I'm aware that the STL and Boost libraries already provide support from many FP concepts--this may well be a more practical approach. I'm also aware of other promising approaches for code generation of audio DSP code from functional languages, such as the FAUST project or the Haskell synthesizer package.
This isn't an answer to your question proper, but my experience with embedding of functional style into imperative languages has been horrid. While the code can be almost as concise, it retains the complexity of reasoning found in imperative languages.
The complexity of the embedding usually requires the most intimate knowledge of the details and corner cases of the language. This greatly increases the cost of abstraction, as these things must always be taken into careful consideration. And with a cost of abstraction so high, it is easier just to put a side-effectful function in a lazy stream generator and then die of subtle bugs.
An example from FC++:
struct Insert : public CFunType<int,List<int>,List<int> > {
List<int> operator()( int x, const List<int>& l ) const {
if( null(l) || (x > head(l)) )
return cons( x, l );
else
return cons( head(l), curry2(Insert(),x,tail(l)) );
}
};
struct Isort : public CFunType<List<int>,List<int> > {
List<int> operator()( const List<int>& l ) const {
return foldr( Insert(), List<int>(), l );
}
};
I believe this is trying to express the following Haskell code:
-- transliterated, and generalized
insert :: (Ord a) => a -> [a] -> [a]
insert x [] = [x]
insert x (a:as) | x > a = x:a:as
| otherwise = a:insert x as
isort :: (Ord a) => [a] -> [a]
isort = foldr insert []
I will leave you to judge the complexity of the approach as your program grows.

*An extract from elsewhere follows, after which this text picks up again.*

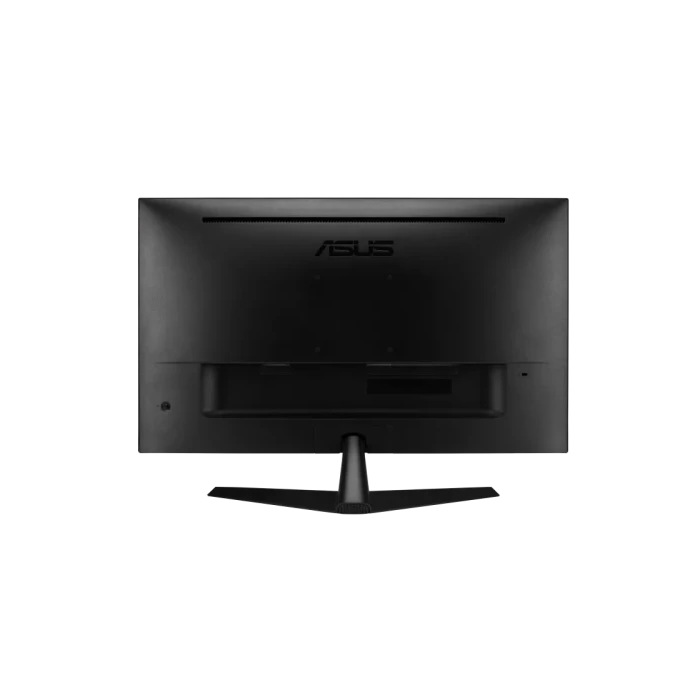 ASUS VY279HF pantalla para PC 68,6 cm (27") 1920 x 1080 Pixeles Full HD LCD Negro 1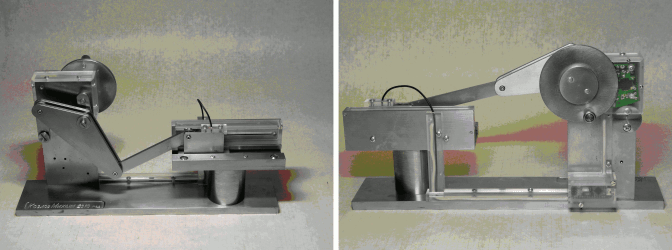 thumbnail of32427009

I consider code generation a much more attractive approach. You can restrict yourself to a miniscule subset of your target language, making it easy to port to a different target language. The cost of abstraction in a honest functional language is nearly zero, since, after all, they were designed for that (just as abstracting over imperative code in an imperative language is fairly cheap).
I'm the primary original developer of FC++, but I haven't worked on it in more than six years. I have not kept up with C++/boost much in that time, so I don't know how FC++ compares now. The new C++ standard (and implementations like VC++) has a bit of stuff like lambda and type inference help that makes some of what is in there moot. Nevertheless, there might be useful bits still, like the lazy list types and the Haskell-like (and similarly named) combinators. So I guess try it and see.
(Since you mentioned real-time, I should mention that the lists use reference counting, so if you 'discard' a long list there may be a non-trivial wait in the destructor as all the cells' ref-counts go to zero. I think typically in streaming scenarios with infinite streams/lists this is a non-issue, since you're typically just tailing into the stream and only deallocating things one node at a time as you stream.)